You built a successful career at Temasek during your 12 years working there. What inspired you to leave and join Revolution Growth?

I learned so much from my 12 years at Temasek and think back fondly of my time there. Serving as the Managing Director of Temasek’s Consumer team meant that I had less opportunities to interact directly with entrepreneurs. I found that I missed connecting with the entrepreneur personally – this is such an important part of the investing equation. In January 2022, I made the jump to Revolution Growth and am so excited about the work we are doing here.

What makes Revolution unique?

Revolution looks to build the next generation of transformative companies with a focus on equitizing flow of capital by investing in cities outside of Silicon Valley. We know that innovation comes from everywhere, so we look to find entrepreneurs from all over the country from different backgrounds. We also recognize that in order to invest in diverse groups of people, the investing team must also be diverse, which is reflected throughout our organization.

Revolution consists of a family of three funds: Rise of the Rest (ROTR) Seed, Ventures, and Growth. I work in the Growth fund as 1 of 11 investors. Rather than just focusing on one stage of a company’s lifecycle, Revolution has built a full ecosystem that can partner with entrepreneurs at every stage of their entrepreneurial lifecycle. Because we invest outside of Silicon Valley, we focus on being part of the ecosystem in building these entrepreneurial hubs. A key part of our sourcing strategy is traveling around the country to look for innovative entrepreneurs and building relationships in these cities to drive unique deal flow. Our Rise of the Rest Seed fund organizes tours that go to underrepresented cities such as Chattanooga, TN, St. Louis, MO, and Tampa Bay, FL. Each tour culminates in a pitch competition where the winner receives seed funding from us. This is one of many ways we drive differentiated flow of capital at the start of the entrepreneurship journey for founders. Later in the entrepreneurial journey, the Ventures and Growth funds are able to piggyback on these early regional successes and our depth of relationships across these cities to find unique companies to support in their evolution.

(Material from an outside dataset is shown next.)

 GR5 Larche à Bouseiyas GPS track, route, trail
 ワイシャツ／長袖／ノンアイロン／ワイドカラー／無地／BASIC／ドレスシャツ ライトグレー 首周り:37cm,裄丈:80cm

You are a passionate DE&I advocate. Can you tell me about your DE&I work in the community?

At Temasek, I helped lead the company’s first ever DE&I Initiative. We started within the US and advocated to have this be a firmwide initiative which has recently been implemented. Outside of work, I also was on the board of an organization called Beautiful People in Singapore where we mentored and supported disenfranchised young girls to inculcate confidence, positive community engagement and a track towards economic stability. When I moved back to the US in 2017, I joined the board of the UN Women’s New York Chapter. UN Women invests globally and is dedicated to gender equality and empowerment of women. They set global standards for achieving gender equality and work with government and civil society to design laws, policies, programs and services to ensure that the standards are effectively implemented and benefit women and girls worldwide. UN Women has more programs and funding needs than what they get from the UN: I wanted to bring my skillset to assist with advocacy and fundraising.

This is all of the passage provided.